In 1987-1988, the Department of Energy was considering Wayne County as a site for the construction of a “superconducting supercollider”— a project that was expected to provide 4500 construction jobs over a six year period. The dream ended early in 1988 when Governor Cuomo opposed the project. Rochester Gas & Electric Company insulted their home community when, in 1990, they awarded work at the Ginna nuclear power plant to the firm Fluor Daniel, known to hire out-of-town workers at substandard wages; the BTC answered the insult with a large rally at the Wayne County facility and informational ads.

The Building Trades Council was picketing and boycotting Wal-Mart before they even opened their doors in Rochester as the company refused to use union labor in the construction of their stores.

By contrast, the BTC consistently endorsed Wegman’s supermarket for using union labor in renovation and new construction work, despite concerns of other groups about Wegman’s use of Industrial Development Agency funds, employment of non-union clerks, and other issues.
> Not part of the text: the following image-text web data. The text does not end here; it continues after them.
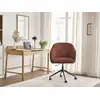 Image de Bobochic chaise de bureau sophie tissu velours côtelé et pietement à roulettes avec hauteur ajustable orange SOPHIE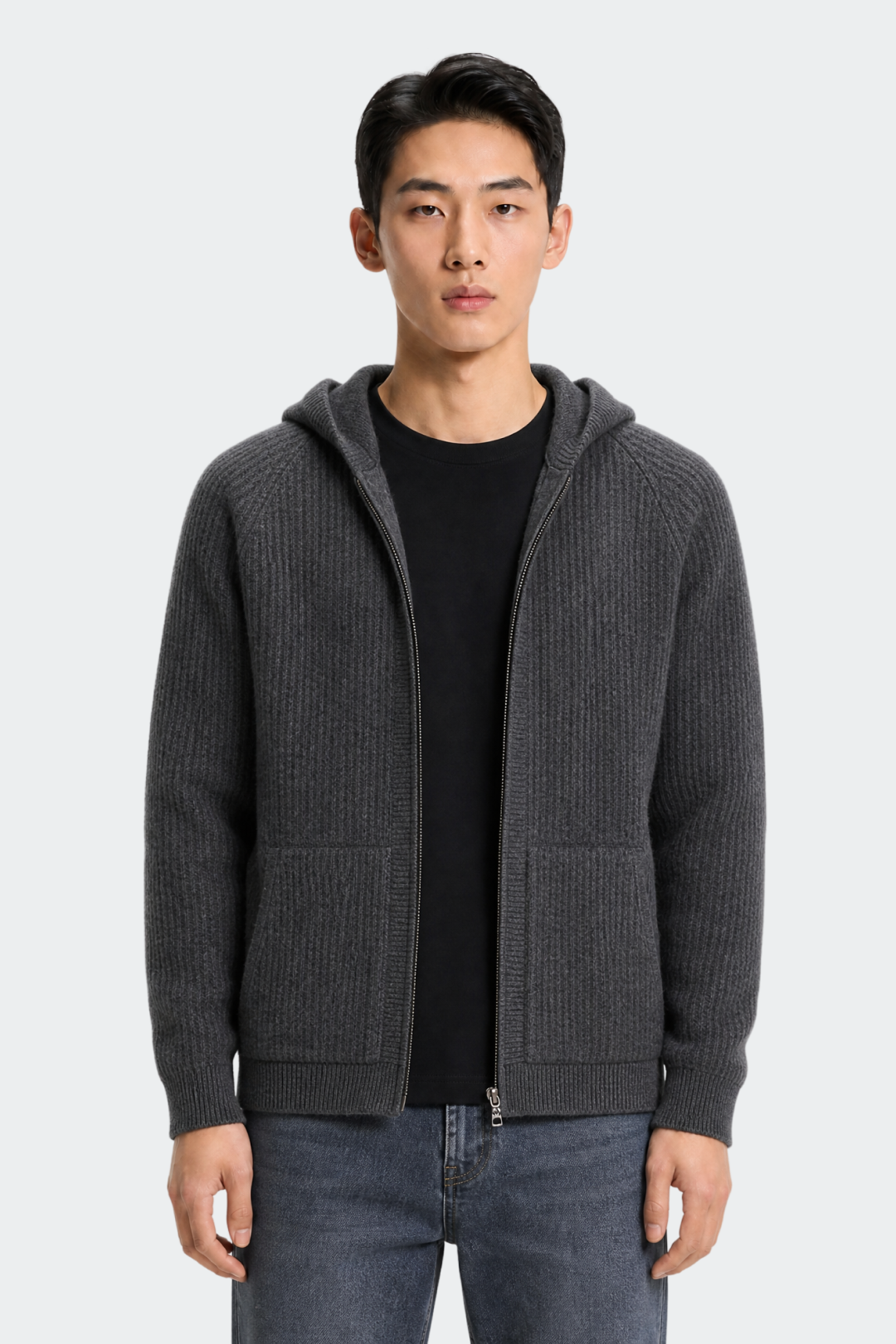 Men's Wool Zip Up Hooded Cardigan with Pockets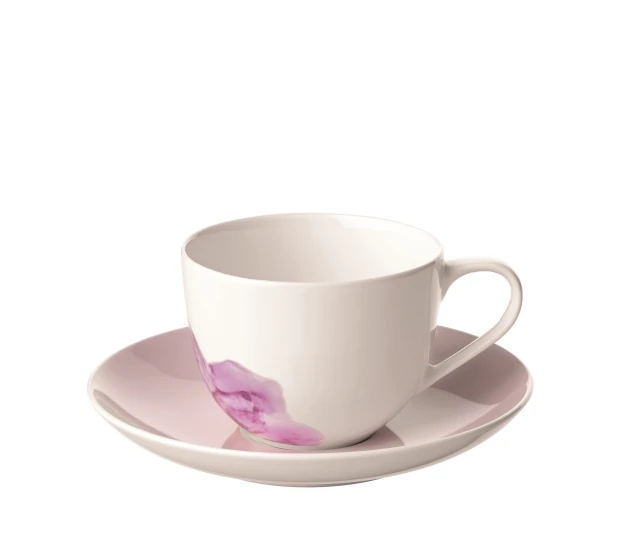 Koffiekop en -schotel roze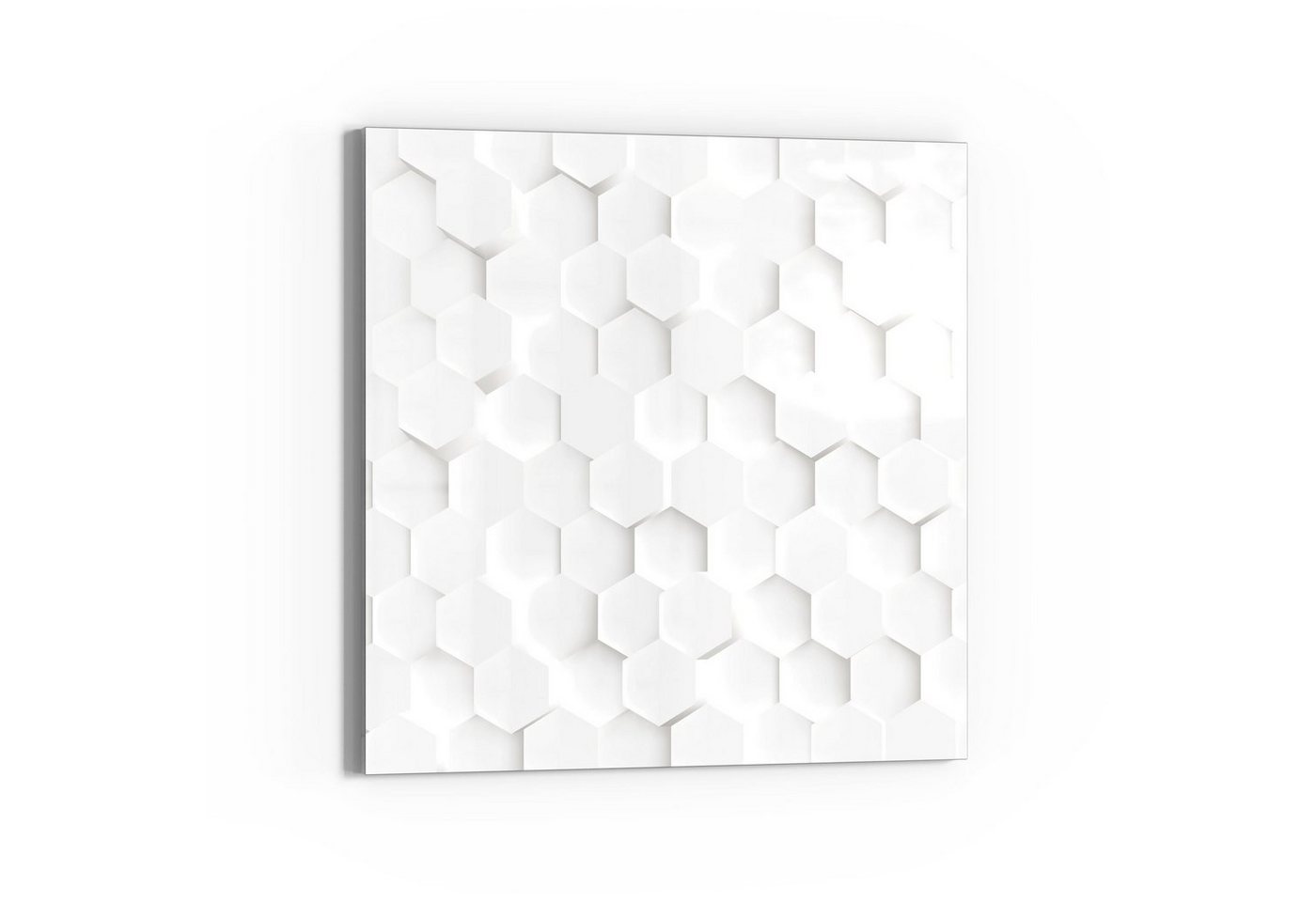 DEQORI Magnettafel 'Weiße 3D-Waben', Whiteboard Pinnwand beschreibbar von DEQORI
Other BTC activities in the 1990s involved demonstrations against John P. Bell at the University of Rochester (1990), advocacy for and the construction of a new baseball stadium (1997), a massive rally against the use of exploited immigrant labor at Rochester Institute of Technology (1999), an organizing campaign at Isaac Heating & Air Conditioning (1999), and lobbying for increased highway funding (2000). Ongoing concerns of the BTC include misclassification of employees as independent contractors (whereby employers avoid paying workers’ compensation and unemployment insurance taxes for workers) and the award of construction contracts to irresponsible employers.